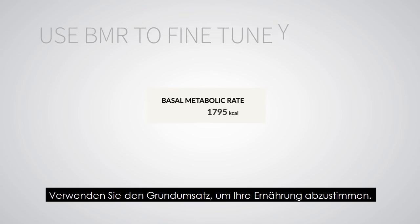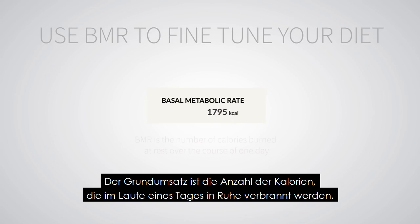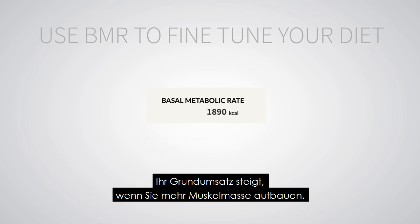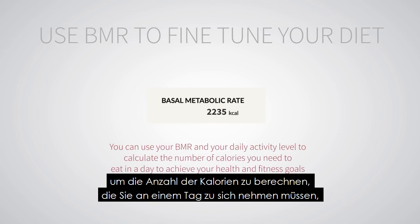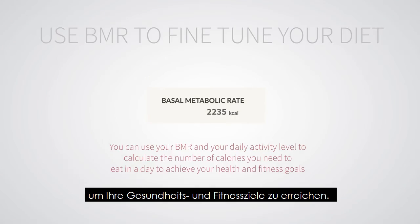Use BMR to fine-tune your diet. Basal metabolic rate, or BMR, is the number of calories burned at rest over the course of one day. Your BMR will increase as you gain more muscle mass. You can use your BMR and your daily activity level to calculate the number of calories you need to eat in a day to achieve your health and fitness goals.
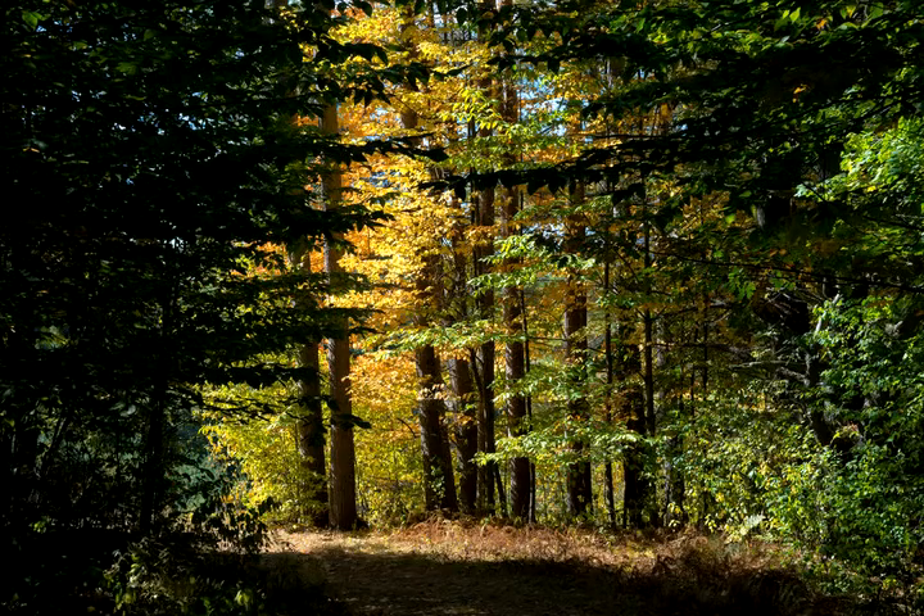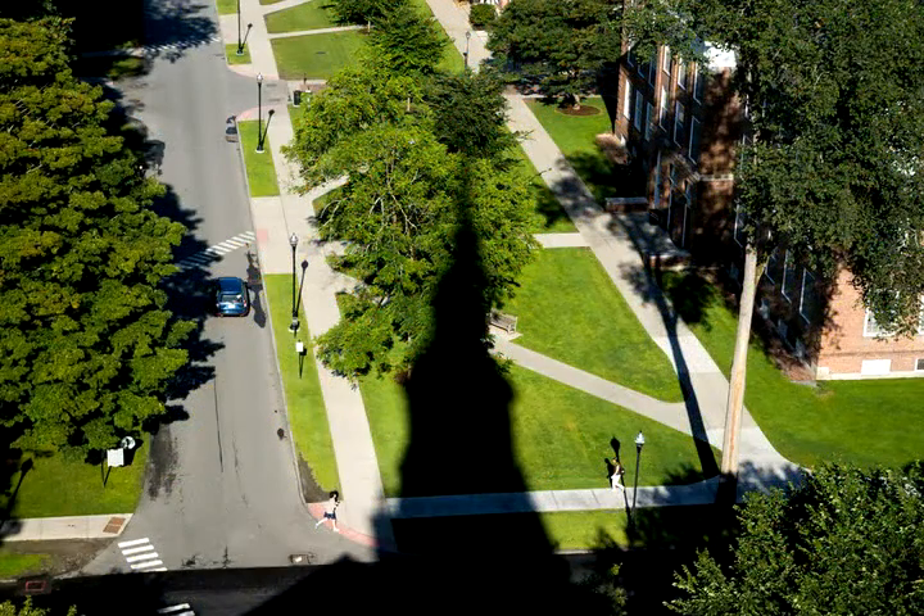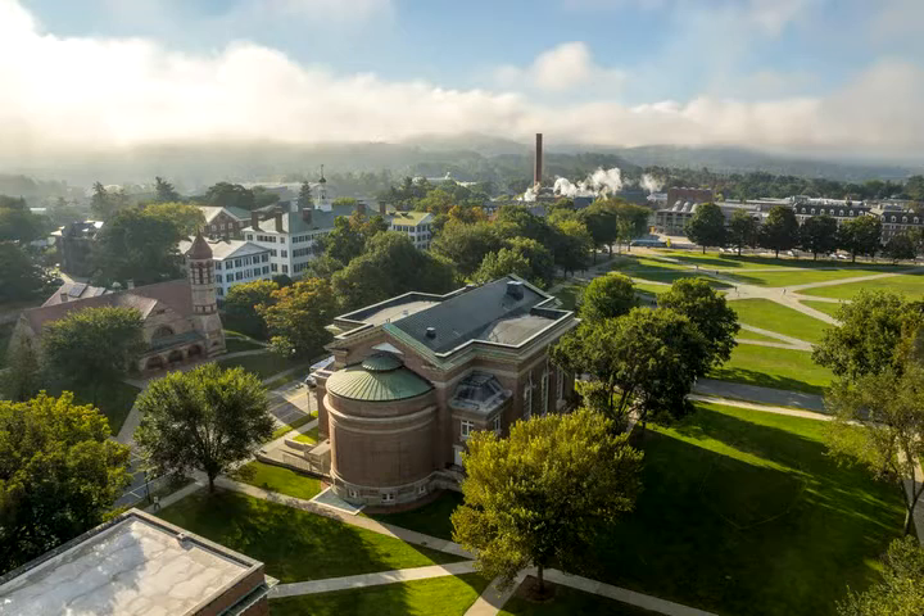Chlorophyll is what we normally see, and it's bright green because it reflects the color green. What chlorophyll does is it mostly absorbs blue and red light, which leaves green light in the middle, which is then reflected in what we see. So that's what we end up seeing during most of the summer.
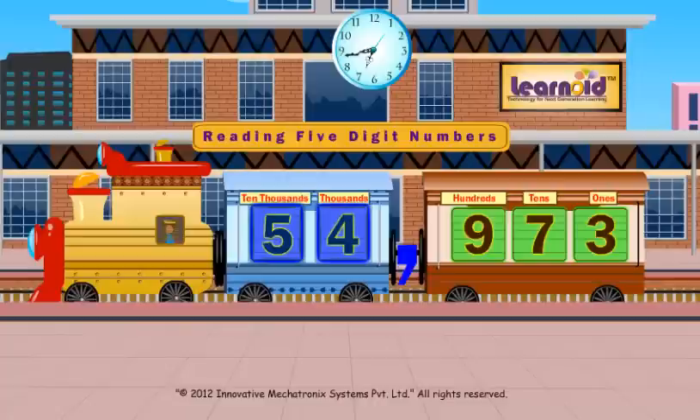Five will sit in the ten thousands window. The number 5, 4, 9, 7, 3 will be read as 54,973.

Problem statement:
What you hand back should match the listing exactly, except that no pictures appear.

Written response:
Use BMR to fine-tune your diet. Basal metabolic rate, or BMR, is the number of calories burned at rest over the course of one day. Your BMR will increase as you gain more muscle mass. You can use your BMR and your daily activity level to calculate the number of calories you need to eat in a day to achieve your health and fitness goals.
Chlorophyll is what we normally see, and it's bright green because it reflects the color green. What chlorophyll does is it mostly absorbs blue and red light, which leaves green light in the middle, which is then reflected in what we see. So that's what we end up seeing during most of the summer.
Five will sit in the ten thousands window. The number 5, 4, 9, 7, 3 will be read as 54,973.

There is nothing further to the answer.